Work instructions
Don't include any picture when you restate the data word for word.

Collected data
--------------------------------

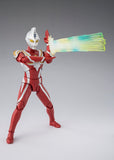 S.H.Figuarts Ultraman Max'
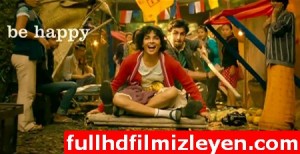 barfi-full-hd-izle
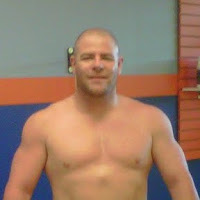 Robert Estell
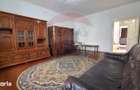 Apartament de vanzare str. Sondorilor, Medias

--------------------------------

Worked solution
 S.H.Figuarts Ultraman Max'
 barfi-full-hd-izle
 Robert Estell
 Apartament de vanzare str. Sondorilor, Medias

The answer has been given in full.